The assumption that infinging code had beenperson that found makes no difference, as legal responsibility flows upwards. The person ultimately legally responsible for an infringing action is not the person that performed the infringement, but the highest ranking executive (or lead developer for those projects that do not have a formal organization) that had control over the organization's policies. The failure, though created by a typically low ranking individual, should have been caught misapropriating code by policy and workflow monitoring that ensured that such infringement could not happen without being caught eventually. This can be illustrated by examing the policies that Linus Torvalds put into place after the initial SCO allegations; he would be even more guilty than IBM for having first accepted (via delegation), then propogated the infringement. To avoid this sort of repeat Torvalds now requires that each person involved in the chain of merging of a submission sign off on code that it is not infringing.

This clearly illustrates that clearly identifying exactly who contributed what code at what time becomes less important as the longer the infringing code remains in the codebase, the more responsible the maintainer is and the less responsible the submitter. Regardless, its typically
nice to be able to point the finger at somebody else and blame someone else on a moral level, even if legal responsibility can not be evaded. This feel-good act is actually ultimately self-destructive.

The majority of programmers live under legal systems that are very closely related to the British style of judicial reasoning. In these legal systems plausible deniability is a an appropriate legal excuse. Any entity being sued another one looses the ability to destroy any of the entity's history or risk charges of destruction of evidence, tampering with evidence, interfering with an investigation and so on. Organizations will typically evade this sort of problem by intentionally intituting policies that ensure for the destruction of all possible company records after the elapsation of any legally mandated minimums.

These two facts put side by side show that from a legal position indefinitely storing history is not a net win; rather its a drawback. Storing as much history as possible will not provide a legal defense, but will hinder one.

The final listed reason for storing full history is that the user of a revision control system typically expects to be able to pull out by demand the representation of his software at any arbitrary point in the past. Supposedly any revision control system that is not able to perform this action is not a revision control system at all, which can pose interesting questions for whether systems like git is a revision control system at all.

This expectation does not meet with actual practice. The value of any given revision of software is inversely proportional to the distance from the current version. As a case in point, consider which version of his software a developer would rather loose: a version from two weeks ago or a version from two years ago. Additionally, the further back in time a developer looks, the less granularity that a user needs.
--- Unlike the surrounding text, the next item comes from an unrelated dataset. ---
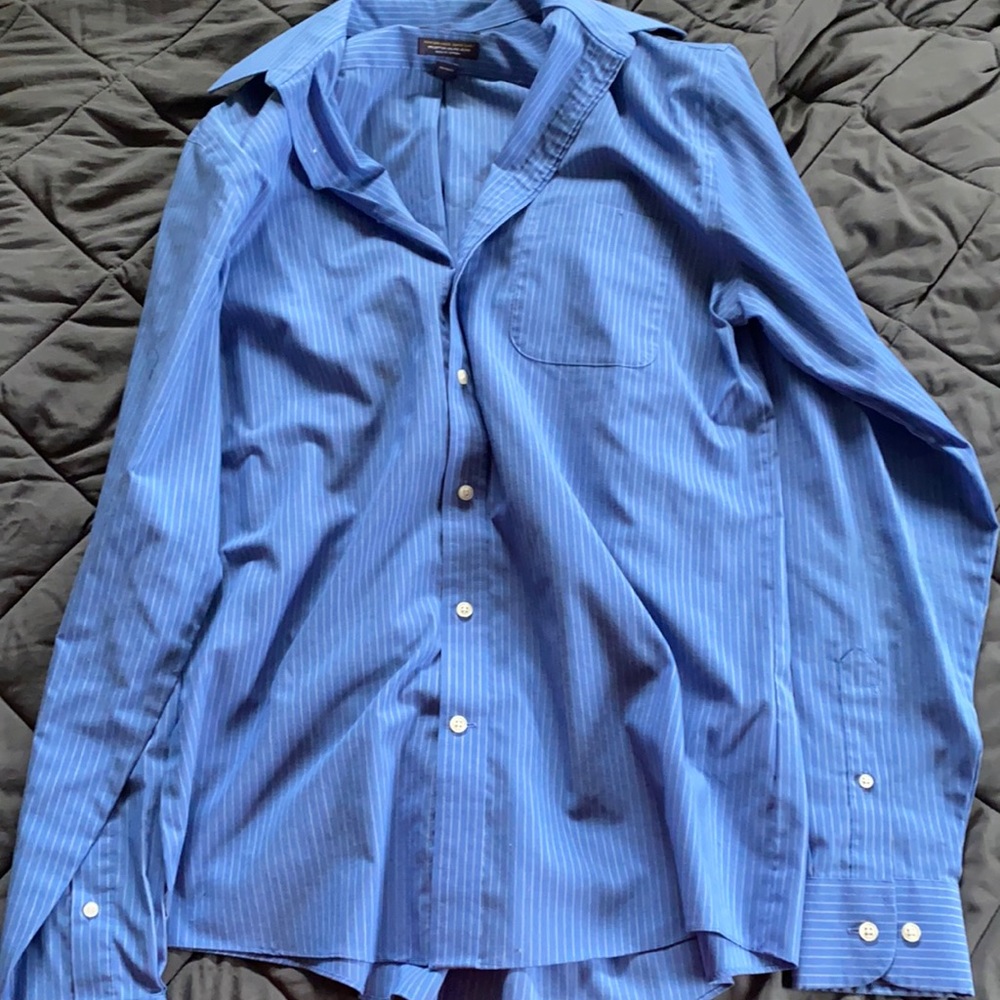 Dress shirt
A user may wish to distinguish the code from today from the code from last thursday, or the code from the beginning of this month from the beginning of two months ago, or today's code from two years ago. However, when users are comparing today's code against code from two years ago aren't generally doesn't care if the the version from two years ago happened on a Tuesday or a Wednesday.

Unfortunately most contemporary revision control systems treat all versions equally. The baggage that comes with storing the third revision alongside the six thousandth revision is for all practical purposes equivilant. Thus, a version of inherently less value costs just as much as current software.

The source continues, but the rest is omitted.